> _TO DO_:
The listing below contains a span that opens with the line containing "Once Was Delray" and closes with the line containing "White Tulle Lace". Return that span exactly.

> _DATA SECTION_:
════════════════════

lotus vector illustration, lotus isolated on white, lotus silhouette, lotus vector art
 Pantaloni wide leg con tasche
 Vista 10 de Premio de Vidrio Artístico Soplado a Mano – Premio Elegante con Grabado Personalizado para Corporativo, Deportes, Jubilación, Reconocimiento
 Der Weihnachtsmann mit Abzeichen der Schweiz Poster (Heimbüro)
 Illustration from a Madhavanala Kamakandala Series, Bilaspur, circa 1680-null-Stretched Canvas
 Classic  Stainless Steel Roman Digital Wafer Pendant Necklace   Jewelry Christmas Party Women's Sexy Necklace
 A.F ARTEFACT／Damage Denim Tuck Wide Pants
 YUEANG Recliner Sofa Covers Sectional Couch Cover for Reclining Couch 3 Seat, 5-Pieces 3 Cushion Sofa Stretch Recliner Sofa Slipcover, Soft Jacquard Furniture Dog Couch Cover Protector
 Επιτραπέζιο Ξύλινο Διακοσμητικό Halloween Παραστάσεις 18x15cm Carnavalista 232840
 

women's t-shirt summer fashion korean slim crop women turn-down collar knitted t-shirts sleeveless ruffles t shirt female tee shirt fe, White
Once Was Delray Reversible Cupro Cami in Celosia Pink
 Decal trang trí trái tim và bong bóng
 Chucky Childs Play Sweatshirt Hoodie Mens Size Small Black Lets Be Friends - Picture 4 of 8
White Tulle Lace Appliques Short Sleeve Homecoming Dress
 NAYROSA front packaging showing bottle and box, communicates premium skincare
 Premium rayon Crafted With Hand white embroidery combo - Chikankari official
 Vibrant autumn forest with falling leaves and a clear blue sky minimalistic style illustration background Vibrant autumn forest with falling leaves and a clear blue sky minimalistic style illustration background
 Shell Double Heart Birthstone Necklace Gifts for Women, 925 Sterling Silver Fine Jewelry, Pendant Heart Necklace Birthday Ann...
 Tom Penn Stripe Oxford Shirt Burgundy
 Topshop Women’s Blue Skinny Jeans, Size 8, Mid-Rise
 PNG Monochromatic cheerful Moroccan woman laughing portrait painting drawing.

════════════════════

> _ANSWER BOX_:
Once Was Delray Reversible Cupro Cami in Celosia Pink
 Decal trang trí trái tim và bong bóng
 Chucky Childs Play Sweatshirt Hoodie Mens Size Small Black Lets Be Friends - Picture 4 of 8
White Tulle Lace Appliques Short Sleeve Homecoming Dress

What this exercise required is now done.